Unable to access SEPM after replacing our wildcard SSL certificate (SEPM > Admin > Servers > SEPM_Server > Manage Server Certificate > Update the server certificate) and a reboot. The SEPM runs Windows Server 2016 (with Microsoft's June Cumulative update) and SEPM 14.3 RU4. Earlier this year, when I updated SEPM, the upgrade process migrated the existing embedded database to SQL Express, and everything has been running well for months.

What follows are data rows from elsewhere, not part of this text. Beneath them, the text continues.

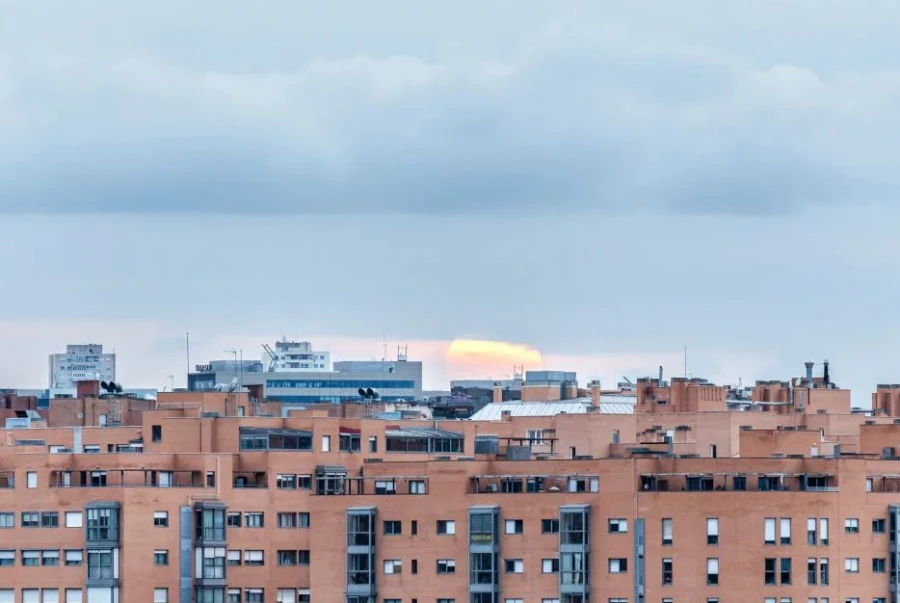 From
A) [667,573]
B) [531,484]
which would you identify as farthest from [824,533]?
[531,484]

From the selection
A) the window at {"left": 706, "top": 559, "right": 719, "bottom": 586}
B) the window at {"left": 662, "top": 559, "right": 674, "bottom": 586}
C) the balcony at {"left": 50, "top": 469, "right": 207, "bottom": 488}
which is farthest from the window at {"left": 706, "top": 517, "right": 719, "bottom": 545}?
the balcony at {"left": 50, "top": 469, "right": 207, "bottom": 488}

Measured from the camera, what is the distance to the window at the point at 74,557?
453ft

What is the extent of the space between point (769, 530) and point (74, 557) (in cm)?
3127

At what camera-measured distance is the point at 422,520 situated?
439 ft

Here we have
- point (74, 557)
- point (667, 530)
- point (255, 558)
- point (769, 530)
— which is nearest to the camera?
point (769, 530)

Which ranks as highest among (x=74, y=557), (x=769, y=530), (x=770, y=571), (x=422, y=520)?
(x=422, y=520)

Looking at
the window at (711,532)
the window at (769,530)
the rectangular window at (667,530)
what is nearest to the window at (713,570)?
the window at (711,532)

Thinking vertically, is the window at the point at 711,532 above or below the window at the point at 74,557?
above

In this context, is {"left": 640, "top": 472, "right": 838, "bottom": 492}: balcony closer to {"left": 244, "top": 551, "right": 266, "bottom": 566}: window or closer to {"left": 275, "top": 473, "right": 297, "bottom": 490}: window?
{"left": 275, "top": 473, "right": 297, "bottom": 490}: window

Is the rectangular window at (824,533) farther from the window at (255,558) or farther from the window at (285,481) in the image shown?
the window at (255,558)

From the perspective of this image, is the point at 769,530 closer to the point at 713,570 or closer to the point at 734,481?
the point at 713,570

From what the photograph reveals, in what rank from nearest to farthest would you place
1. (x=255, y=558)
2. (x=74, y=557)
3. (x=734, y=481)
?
(x=734, y=481) < (x=74, y=557) < (x=255, y=558)

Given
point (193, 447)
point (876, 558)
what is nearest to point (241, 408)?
point (193, 447)

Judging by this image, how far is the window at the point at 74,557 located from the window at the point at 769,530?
1210 inches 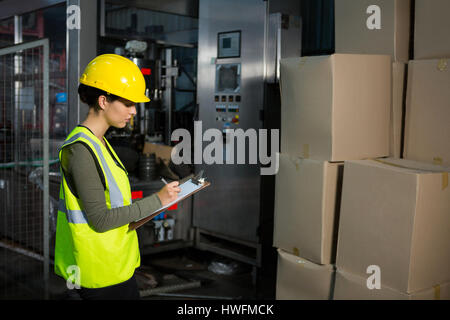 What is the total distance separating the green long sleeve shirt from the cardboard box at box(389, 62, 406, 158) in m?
1.53

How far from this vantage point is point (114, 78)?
5.38 ft

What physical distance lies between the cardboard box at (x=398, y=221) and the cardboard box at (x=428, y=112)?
0.09 m

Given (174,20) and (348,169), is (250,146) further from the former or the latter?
(174,20)

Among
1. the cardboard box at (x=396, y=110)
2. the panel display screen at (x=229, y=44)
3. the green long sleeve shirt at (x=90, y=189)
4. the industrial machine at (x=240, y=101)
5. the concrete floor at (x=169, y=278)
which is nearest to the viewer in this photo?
the green long sleeve shirt at (x=90, y=189)

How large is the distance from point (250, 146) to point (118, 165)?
2129 mm

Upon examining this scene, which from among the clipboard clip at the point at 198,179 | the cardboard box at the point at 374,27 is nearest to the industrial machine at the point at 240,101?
the cardboard box at the point at 374,27

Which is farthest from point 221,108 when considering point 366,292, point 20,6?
point 366,292

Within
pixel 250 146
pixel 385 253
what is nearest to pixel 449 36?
pixel 385 253

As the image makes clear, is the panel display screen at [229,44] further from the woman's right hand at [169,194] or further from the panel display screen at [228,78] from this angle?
the woman's right hand at [169,194]

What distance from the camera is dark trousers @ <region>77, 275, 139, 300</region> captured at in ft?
5.46

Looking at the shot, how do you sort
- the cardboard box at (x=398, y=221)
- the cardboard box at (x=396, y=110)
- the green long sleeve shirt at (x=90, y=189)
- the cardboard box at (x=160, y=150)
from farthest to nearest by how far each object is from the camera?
the cardboard box at (x=160, y=150), the cardboard box at (x=396, y=110), the cardboard box at (x=398, y=221), the green long sleeve shirt at (x=90, y=189)

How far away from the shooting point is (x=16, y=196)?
14.0 feet

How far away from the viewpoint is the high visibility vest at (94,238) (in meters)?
1.60

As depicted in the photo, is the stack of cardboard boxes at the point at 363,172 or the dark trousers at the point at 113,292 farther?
the stack of cardboard boxes at the point at 363,172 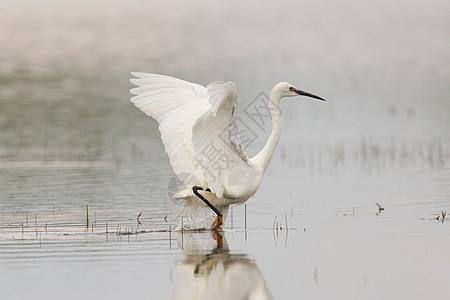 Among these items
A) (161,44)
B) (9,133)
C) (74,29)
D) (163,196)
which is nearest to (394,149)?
(163,196)

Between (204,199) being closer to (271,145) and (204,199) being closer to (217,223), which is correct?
(217,223)

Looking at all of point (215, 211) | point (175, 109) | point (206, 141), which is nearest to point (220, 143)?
point (206, 141)

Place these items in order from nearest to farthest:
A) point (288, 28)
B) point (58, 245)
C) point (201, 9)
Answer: point (58, 245) → point (288, 28) → point (201, 9)

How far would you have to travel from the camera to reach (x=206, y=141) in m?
10.0

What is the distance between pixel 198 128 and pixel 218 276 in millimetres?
2171

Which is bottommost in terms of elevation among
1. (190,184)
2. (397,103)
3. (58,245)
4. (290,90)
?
(58,245)

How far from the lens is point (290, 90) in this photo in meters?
11.9

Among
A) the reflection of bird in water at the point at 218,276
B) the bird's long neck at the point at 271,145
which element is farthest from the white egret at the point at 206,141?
the reflection of bird in water at the point at 218,276

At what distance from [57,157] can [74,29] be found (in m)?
39.7

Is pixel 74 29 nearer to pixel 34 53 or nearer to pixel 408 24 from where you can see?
pixel 34 53

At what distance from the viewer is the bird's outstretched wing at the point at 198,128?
964 cm

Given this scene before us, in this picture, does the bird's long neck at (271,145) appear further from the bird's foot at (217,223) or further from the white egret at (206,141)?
the bird's foot at (217,223)

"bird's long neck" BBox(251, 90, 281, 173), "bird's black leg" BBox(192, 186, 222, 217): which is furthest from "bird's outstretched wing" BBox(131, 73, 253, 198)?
"bird's long neck" BBox(251, 90, 281, 173)

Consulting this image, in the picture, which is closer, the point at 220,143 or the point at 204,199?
the point at 220,143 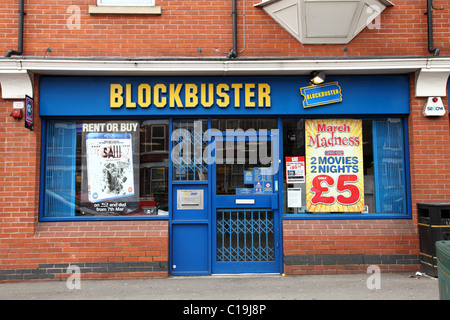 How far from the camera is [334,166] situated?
6562 millimetres

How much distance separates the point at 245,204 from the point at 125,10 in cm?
394

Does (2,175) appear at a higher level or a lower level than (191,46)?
lower

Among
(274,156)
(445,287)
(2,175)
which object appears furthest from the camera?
(274,156)

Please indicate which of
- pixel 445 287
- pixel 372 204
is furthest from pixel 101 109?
pixel 445 287

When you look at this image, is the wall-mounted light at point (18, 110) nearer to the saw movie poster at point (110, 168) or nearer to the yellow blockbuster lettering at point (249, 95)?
the saw movie poster at point (110, 168)

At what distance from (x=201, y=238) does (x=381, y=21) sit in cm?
494

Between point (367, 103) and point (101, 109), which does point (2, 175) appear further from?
point (367, 103)

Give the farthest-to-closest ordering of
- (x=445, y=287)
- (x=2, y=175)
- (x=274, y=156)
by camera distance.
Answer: (x=274, y=156)
(x=2, y=175)
(x=445, y=287)

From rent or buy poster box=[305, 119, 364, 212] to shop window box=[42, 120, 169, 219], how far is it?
261 cm

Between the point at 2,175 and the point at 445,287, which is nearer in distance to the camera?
the point at 445,287

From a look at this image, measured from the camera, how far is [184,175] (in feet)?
21.1

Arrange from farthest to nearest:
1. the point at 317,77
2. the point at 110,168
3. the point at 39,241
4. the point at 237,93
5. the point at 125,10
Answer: the point at 110,168 → the point at 237,93 → the point at 125,10 → the point at 317,77 → the point at 39,241

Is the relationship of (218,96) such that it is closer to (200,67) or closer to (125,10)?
(200,67)

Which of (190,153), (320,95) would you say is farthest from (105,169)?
(320,95) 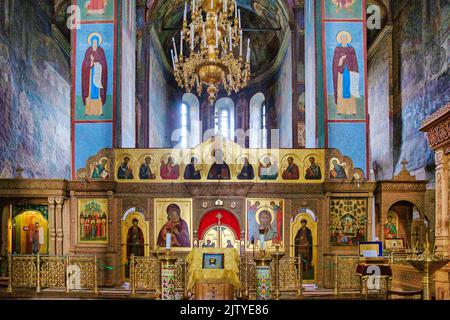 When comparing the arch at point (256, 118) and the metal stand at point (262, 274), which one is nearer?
the metal stand at point (262, 274)

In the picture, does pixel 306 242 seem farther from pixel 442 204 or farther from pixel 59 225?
pixel 59 225

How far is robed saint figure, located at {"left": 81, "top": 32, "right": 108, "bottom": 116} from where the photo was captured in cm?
1594

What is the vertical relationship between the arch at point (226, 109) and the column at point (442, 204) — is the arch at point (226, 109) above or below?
above

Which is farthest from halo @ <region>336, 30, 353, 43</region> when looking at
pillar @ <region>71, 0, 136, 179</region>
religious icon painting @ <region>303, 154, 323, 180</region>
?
pillar @ <region>71, 0, 136, 179</region>

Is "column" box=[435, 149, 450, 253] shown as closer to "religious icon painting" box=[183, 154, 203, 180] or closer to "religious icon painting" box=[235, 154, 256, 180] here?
"religious icon painting" box=[235, 154, 256, 180]

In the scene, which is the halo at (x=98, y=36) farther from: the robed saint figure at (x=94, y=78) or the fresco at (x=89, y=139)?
the fresco at (x=89, y=139)

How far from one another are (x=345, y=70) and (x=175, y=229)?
21.0ft

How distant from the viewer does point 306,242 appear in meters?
14.2

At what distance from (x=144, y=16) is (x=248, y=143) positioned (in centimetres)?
1124

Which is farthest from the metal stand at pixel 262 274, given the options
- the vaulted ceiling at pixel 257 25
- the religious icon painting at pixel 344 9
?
the vaulted ceiling at pixel 257 25

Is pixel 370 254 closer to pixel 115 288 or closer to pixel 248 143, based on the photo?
pixel 115 288

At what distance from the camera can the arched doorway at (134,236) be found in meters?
14.2

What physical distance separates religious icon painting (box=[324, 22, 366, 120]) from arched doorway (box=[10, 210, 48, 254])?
26.3 ft

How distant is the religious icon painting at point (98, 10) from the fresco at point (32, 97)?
197cm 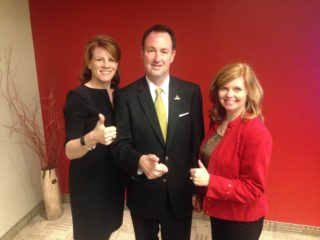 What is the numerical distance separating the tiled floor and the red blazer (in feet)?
4.33

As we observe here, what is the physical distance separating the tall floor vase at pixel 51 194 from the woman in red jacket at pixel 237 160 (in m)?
1.82

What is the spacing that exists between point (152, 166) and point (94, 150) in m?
0.45

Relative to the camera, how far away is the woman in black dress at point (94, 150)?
1700 mm

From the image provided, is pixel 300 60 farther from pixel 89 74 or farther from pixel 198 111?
pixel 89 74

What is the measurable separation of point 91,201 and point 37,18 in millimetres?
1861

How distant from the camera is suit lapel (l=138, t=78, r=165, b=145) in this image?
1.66 meters

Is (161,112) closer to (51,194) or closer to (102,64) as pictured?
(102,64)

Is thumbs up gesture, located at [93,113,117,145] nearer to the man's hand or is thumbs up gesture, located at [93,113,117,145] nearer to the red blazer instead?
the man's hand

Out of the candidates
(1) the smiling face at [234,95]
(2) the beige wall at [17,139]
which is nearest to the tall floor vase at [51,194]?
(2) the beige wall at [17,139]

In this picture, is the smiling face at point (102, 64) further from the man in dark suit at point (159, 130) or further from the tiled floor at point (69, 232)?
the tiled floor at point (69, 232)

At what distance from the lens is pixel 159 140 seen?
5.48 feet

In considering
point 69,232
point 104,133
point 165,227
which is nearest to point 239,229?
point 165,227

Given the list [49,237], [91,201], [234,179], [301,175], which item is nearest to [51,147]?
[49,237]

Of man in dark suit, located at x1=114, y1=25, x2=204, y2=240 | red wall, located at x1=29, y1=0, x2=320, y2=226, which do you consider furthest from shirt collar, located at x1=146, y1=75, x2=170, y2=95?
red wall, located at x1=29, y1=0, x2=320, y2=226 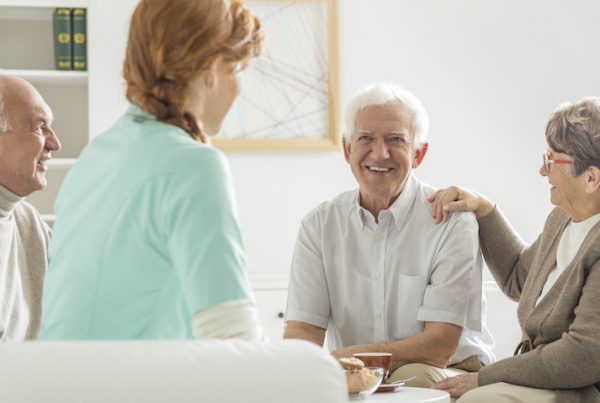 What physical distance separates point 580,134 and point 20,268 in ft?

Our existing wildcard SSL certificate is expiring next month, and yesterday I updated this certificate on the SEPM server. After updating the certificate with SEPM, everything appeared to be functioning, including exporting new client packages. However, after a reboot, the SQL Express service didn't start. Looking through the SQL logs (Program Files\Microsoft SQL Server\MSSQL.n\MSSQL\LOG\ERRORLOG - per Viewing the SQL Server Error Log - SQL Server | Microsoft Docs), I discovered that SQL Express couldn't find the certificate it was configured, which corresponded to the old wildcard certificate. I followed a Microsoft article, SQL Server fails to start with error 17182 - SQL Server | Microsoft Docs, in an attempt to get SQL Express to use the new wildcard certificate. Still, the SQL Express instance would not start; therefore, I reimported the old wildcard certificate to the Windows Server Certificate store (Computer > Personnel). This allowed SQL Express to start, but attempting to log into the management interface for SEPM gave an error.
I then reviewed a Broadcom article posted/updated yesterday called "Configuring encrypted communication between Symantec Endpoint Protection Manager and Microsoft SQL Server" (https://techdocs.broadcom.com/us/en/symantec-security-software/endpoint-security-and-management/endpoint-protection/all/upgrading-to-a-new-release-v14510472-d27e6/Configuring-encryption-communication-between-SEPM-and-SQL-Server.html).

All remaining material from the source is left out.